Caught in the swirling force of the draining water, the boy’s body spun, arms flailed out. His body seemed boneless, limp. He bumped against the glass, the back mesh. Then, as the water drained fully away, he settled in a loose pile on the bottom of the tank, as lifeless as some deep-sea denizen washed up on a beach.

Then with a soft, damp pop, the seal on the glass released. The entire front of the tank swung open like a door, blowing out compressed air from within. There was a faint hint of ammonia that came with it.

Lausevic pulled the door aside for the admiral.

Viktor found himself stepping forward, dropping to his knees beside the naked boy. He reached to the boy’s arm, draped half out the door.

It was warm, heated by the bubbling bath.

But there appeared to be no life.

His hand slipped from wrist to the small fingers. He tried to will the boy back to life. What stories could he tell? Had he known his father? Did he know what had happened here? Why the base had gone dead quiet so suddenly?

It had been the last years of World War II. The Germans were marching into Russia, laying siege to city after city. Then a remote research station in the Arctic went quiet, late reporting in…first one month, then another. But with the war heating up at home, no one had time to investigate. With communication being what it was and travel through the polar region so difficult, there were no resources for a full investigation.

Another full year passed. Nagasaki and Hiroshima were bombed. Nuclear weaponry became the grand technology, hunted and sought by all. Ice Station Grendel and its research project were now antiquated, not worth the cost or manpower to discover its fate. The currents could have taken the station anywhere. The ice island that berthed it might even have broken apart and sunk, something not uncommon with such floating giants.

So more years passed.

The last report of his father, with its wild claims of breaching the barrier between life and death, was dismissed as exaggerated rants and shelved.
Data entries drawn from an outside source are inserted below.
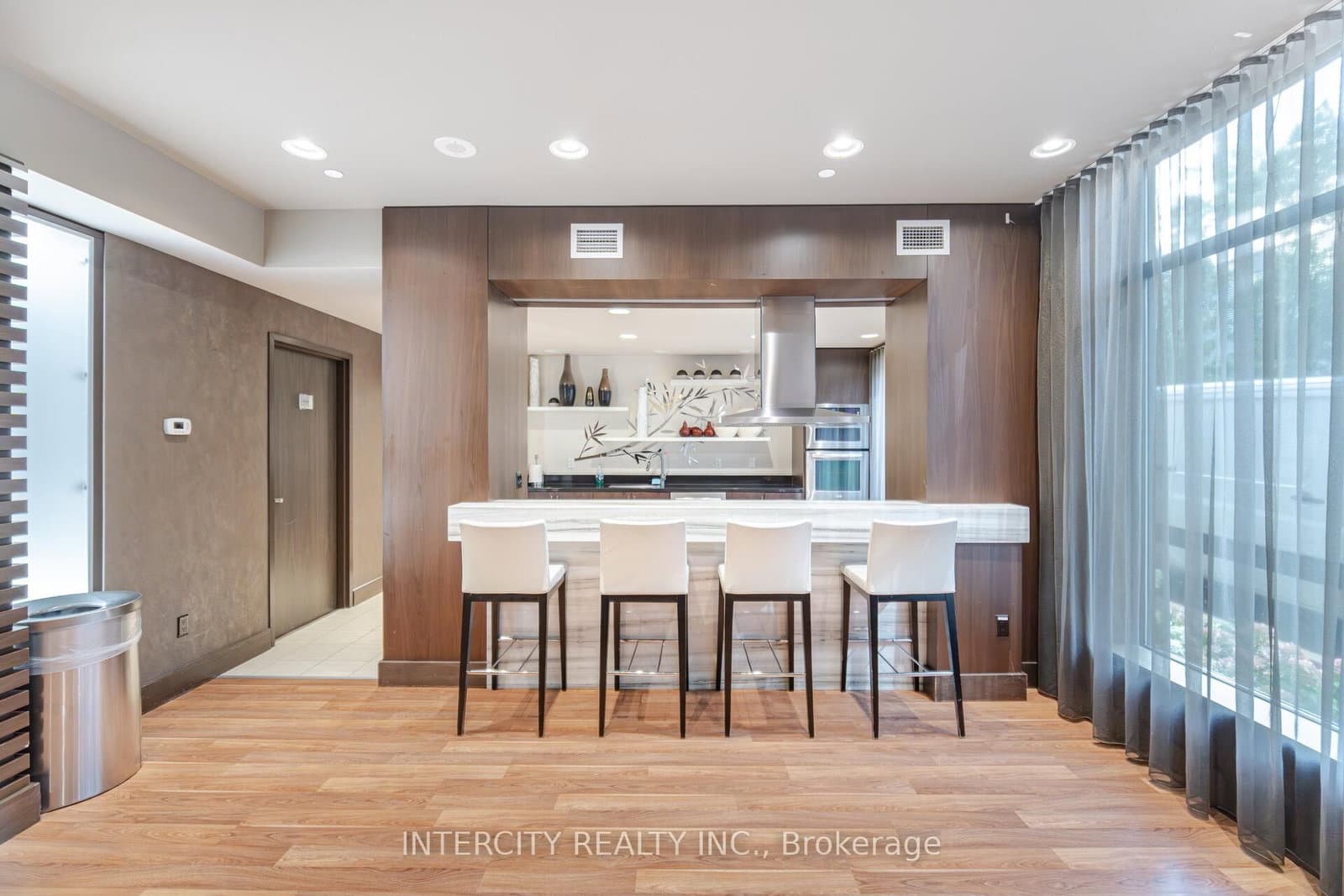 23 Sheppard Avenue E, Unit 3104 thumbnail 37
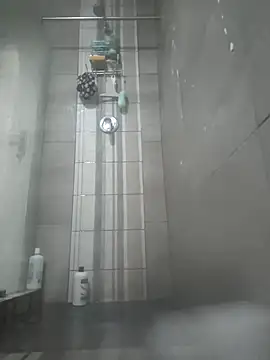 macmaddy8989 online show from December 2, 6:14 pm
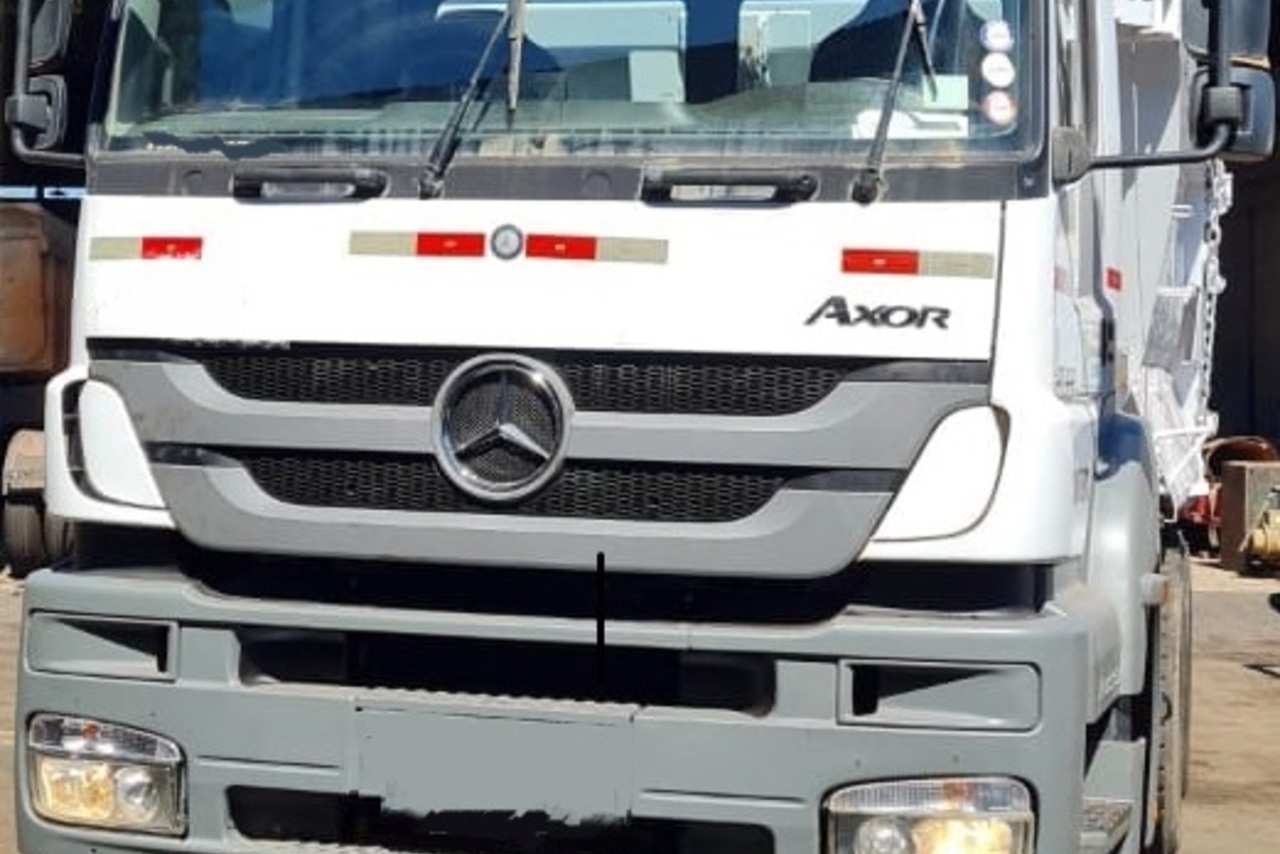 Mercedes Benz Axor 4144 - 18/18 2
The only bit of proof was supposedly locked in his journals, lost with the base and its head researcher.

The secret of life and death.

Viktor stared down at the slack face of the boy, so peaceful in slumber. Lips a faint blue, face gray and wet. Viktor wiped the face dry with one hand.

Then small fingers clamped onto his other palm, harder and stronger than Viktor could have imagined.

He gasped in surprise as the boy’s body suddenly convulsed inside the tank, legs kicking, head thrown back, spine arched up, contorted.

Water poured from his open mouth, draining down the tank’s grating.

“Help me get him out!” Viktor yelled, drawing the boy to him.

Ensign Lausevic squeezed in and grabbed the thrashing legs, getting a good kick to his temple in the process.

Between the two of them, they hauled the boy out to the hall. His body jerked and thrashed. Viktor cradled his head, keeping him from cracking his skull on the hard floor. The boy’s eyes twitched behind their lids.

“He’s alive!” one of the other soldiers said, backing a step away.

Not alive, Viktor silently corrected, but not dead either. Somewhere in between.

As the convulsions continued, the boy’s skin grew hot to the touch; perspiration pebbled his skin. Viktor knew that one of the main dangers of epileptic patients during violent or prolonged seizures was hyperthermia, a raising of body temperature from muscle contractions that led to brain damage. Was the boy dying, or was his body fighting to warm life back into it, heating away the last dregs of its frozen state?

Slowly the convulsions faded to vigorous shivering. Viktor continued to hold the boy. Then the boy’s chest heaved up, expanding as if something were going to burst out the rib cage. It held that swelled state, back arched from the floor. Blue lips had warmed to pink, skin flushed from the violence of the seizures.